In 1914, the Clayton Act was enacted by Congress to strengthen the antitrust laws that were put into place by the Sherman Act. It provided more detailed provisions to prohibit anticompetitive price discrimination, kept corporations from making exclusive dealing practices and expanded the ability for individuals to sue for damages. This act also allowed unions to organize and prevented anticompetitive mergers.

The History behind this Act

In the 1912 presidential election all three parties stood on the belief that Congress had been too lenient with corporations with the Sherman Act of 1890. When Democratic nominee, Woodrow Wilson, won the election he instructed Congress to draft legislation to strengthen the antitrust laws. In 1914, they created the Clayton Act to supplement the existing laws.

Price Discrimination

The Clayton Act addresses corporate price discrimination. This prevents companies from engaging in predatory lending that might lessen competition or create a monopoly. For example, a company cannot have two different pricing strategies in different towns depending on the competition using the higher prices from a town with little competition to fund lower prices in a town with more competition. However, after this provision was widely used in the 1960s to stop price discrimination, stricter standards were developed.

Exclusive Deals

The Clayton Act also prevents companies from selling products with the condition that the buyer can only use their product. For example, a company that provides copy machines cannot be the sole supplier of the ink and paper as well. This creates a monopoly on the product. This is hard to prove however as sometimes the reason for the exclusive deal may be legitimate. In addition, some companies may need exclusivity to ensure that customers are getting the quality product that they expect when they make a purchase.

Private Lawsuits

The Clayton Act addresses private lawsuits as well. While the U.S. government has the right to enforce antitrust laws, up to 90 percent of lawsuits are brought on by private parties. They may even attempt to get treble damages and any attorney fees incurred.

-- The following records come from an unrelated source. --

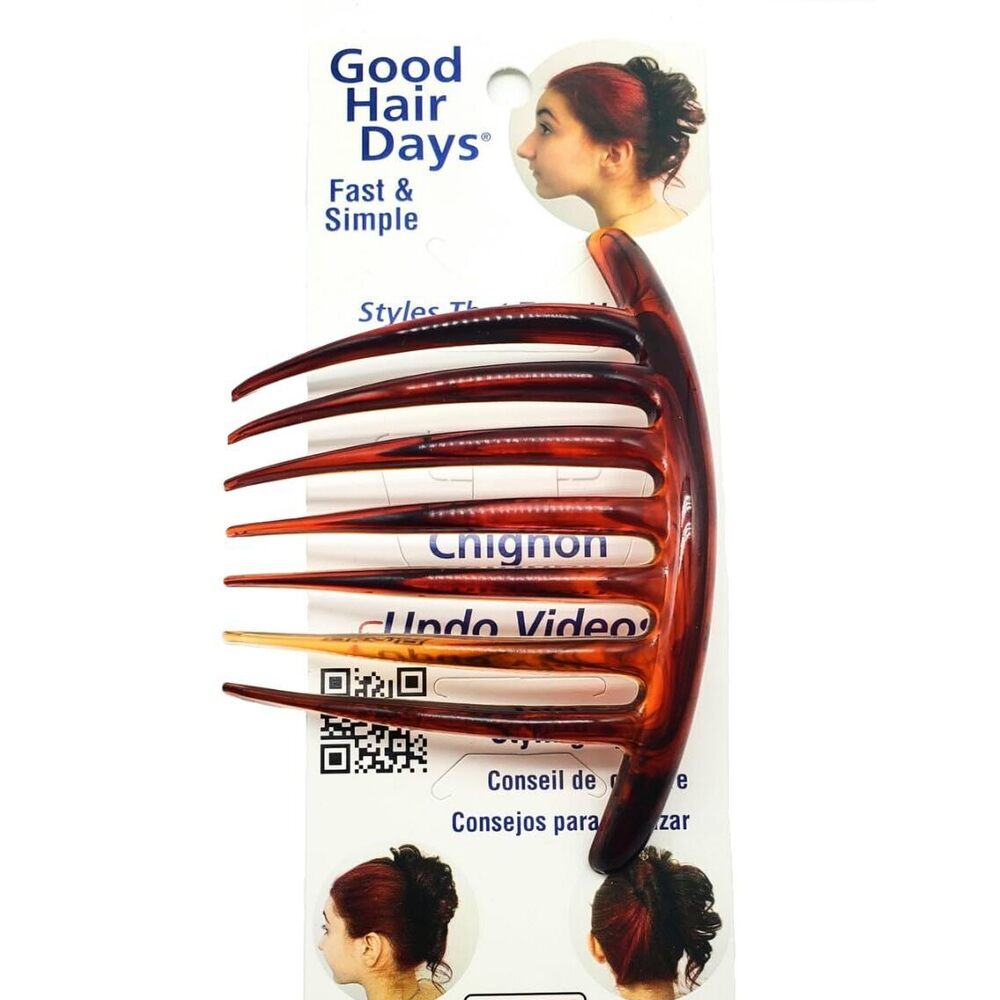 French Twist Comb – 7‑Tooth Curved Styling Comb for Elegant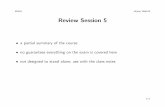 Review Session 5 - Stanford University · PDF file Review Session 5 • a partial summary of the course • no guarantees everything on the exam is covered here ... (Q,A) • eﬃcient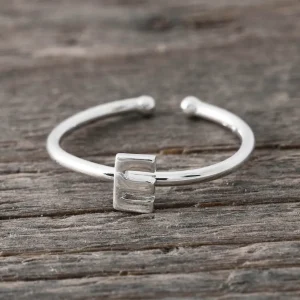 Fashion Faith Silverring bokstav E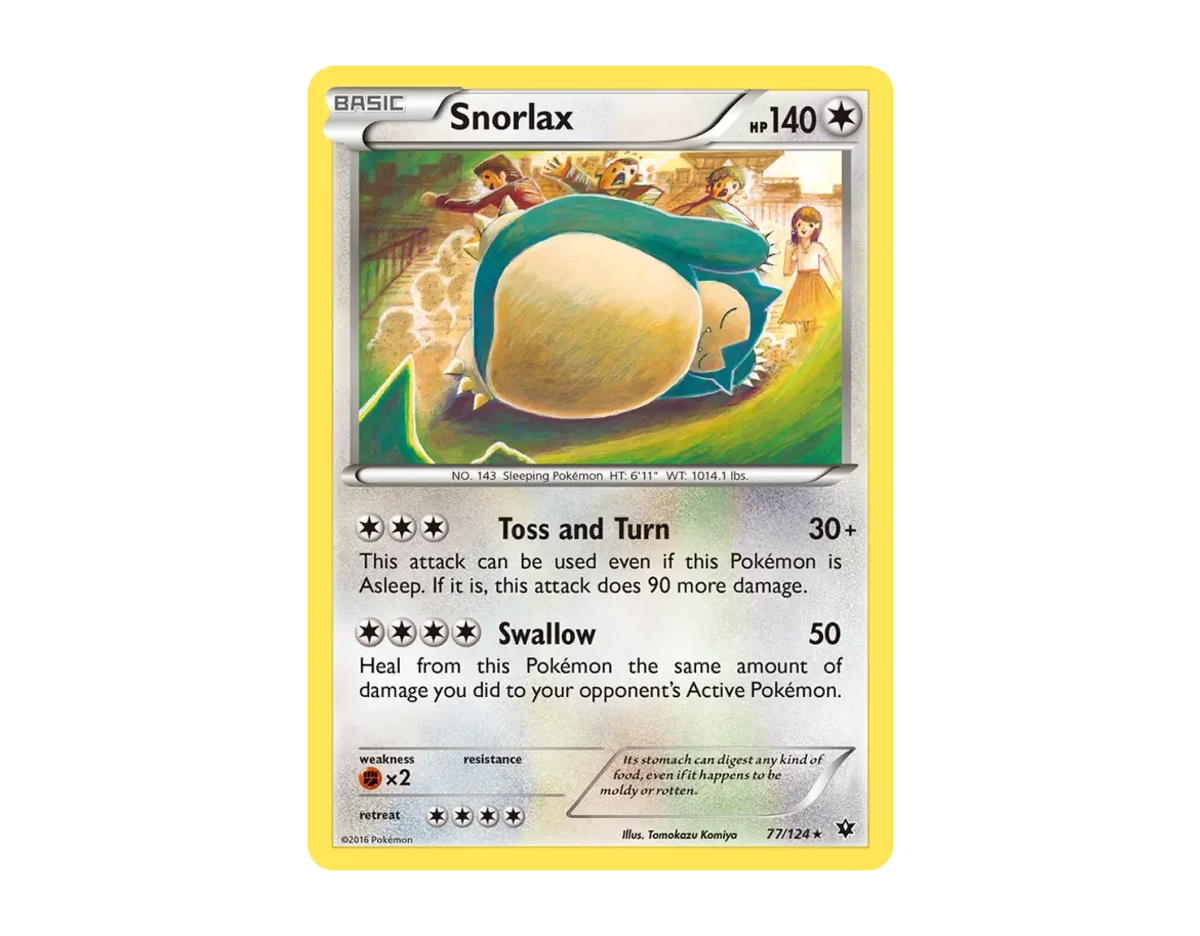 Snorlax FC 77/124 (Fates Collide)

The damage awards can be as much as $1 billion making this type of lawsuit very attractive for individuals, businesses and lawyers and over 700 cases are filed in every year in the United States.

Labor Union Organization

The act also deals with the organization of labor unions stating that “the labor of a human being is not a commodity or article of commerce.” Corporations are forbidden from preventing the organization of labor unions. It also keeps labor strikes from being included in antitrust lawsuits. The result of this provision is that labor unions may organize and agree upon wages without being accused of price fixing.


The most important provision of this act however is the prevention of anticompetitive mergers. This occurs when a company buys a competing firm. While most mergers allow the companies to create better quality goods at less expensive prices, some mergers limit competition and make price fixing easier. This part of the act was designed to prevent mergers from creating monopolies.

The Clayton Act was designed to supplement existing laws and prevent corporate greed from taking advantage of consumers and smaller businesses. It promotes free trade and prohibits business acts that may harm competition. The act also gives consumers more power over market demand.